I'm a week late. I know. My committment was to post an update on my Word of the Year on the first Monday of each month. Last Monday I took the kids into San Francisco to have lunch with Don and wander around. The big kids and I bowled and we took On the Loose to a nice playground. Footloose tempted fate and was given a talking to by the "playground patrol" who threatened to ask her to leave for going down the slide. The playground sign said that the equipment was for ages 5-12. She explained to him that she was 12. He said he didn't believe her. So, I had to step in and inform him that, yes, she is only 12. Poor guy! She is 5'8" after all and walks around in a woman's body but 12 is still convenient for us when it comes to playgrounds and kids' meals. :-)
Back to my Word of the Year---Prayer.
I really didn't know what I was getting myself into by choosing this word. Did I think that God wasn't going to use it to reveal my weaknesses or my desperate need for spiritual growth?
What have I learned so far as I've focussed on my word? I've learned that I don't know a thing about prayer. I've learned that I've spent the last 20 years as a Christian fumbling around and not being effective. I've learned that, although I do have a tremendous amount of faith, I have not been showing that in my prayer life.
The ladies' Bible study that I attend has been studying prayer for the past few months using Andrew Murray's With Christ in the School of Prayer. At times, instead of coming away feeling uplifted and encouraged, I have found myself feeling defeated and unsure. It almost seems as if the way I've viewed prayer for all these years is so inadequate. Now that we've finished the book, I feel like I need to go through and read it again to really deal with all that's been laid before me.
What I do know...I want to have a devoted life of prayer. I want my prayers to be pleasing to the One who intercedes for me. I want my prayers to change things. I want my prayers to change me.
What I don't know...How I'm going to get there from where I am right now.
So, I feel like a new Christian again in spite of the fact that I've been a believer for 20 years this month!
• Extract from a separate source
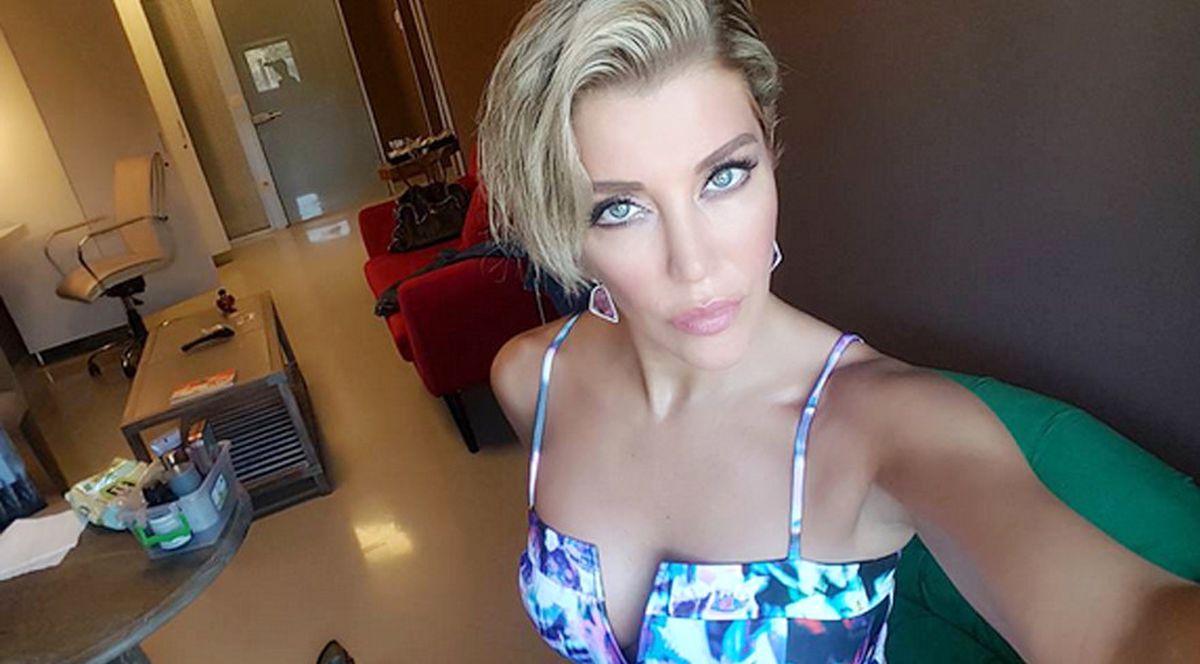 Deniz Akkaya Canlı Yayında Açıkladı: Evleniyorum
I feel like I'm relearning to walk when I should be at the point where I'm soaring. I'm starting small with offering faithful prayers with the confidence that He will answer because I am abiding in Him.
I'm thankful for being pruned even though it's uncomfortable. I'm like an overgrown tree that has ceased to produce fruit because it has become unhealthy. But God is faithful and He is pruning me back to the point where I can grow again. I do look foward to the continued lessons as He walks beside me while I take baby steps.
When I grow up, I want to be a "prayer warrior."
And there you have it...me being real!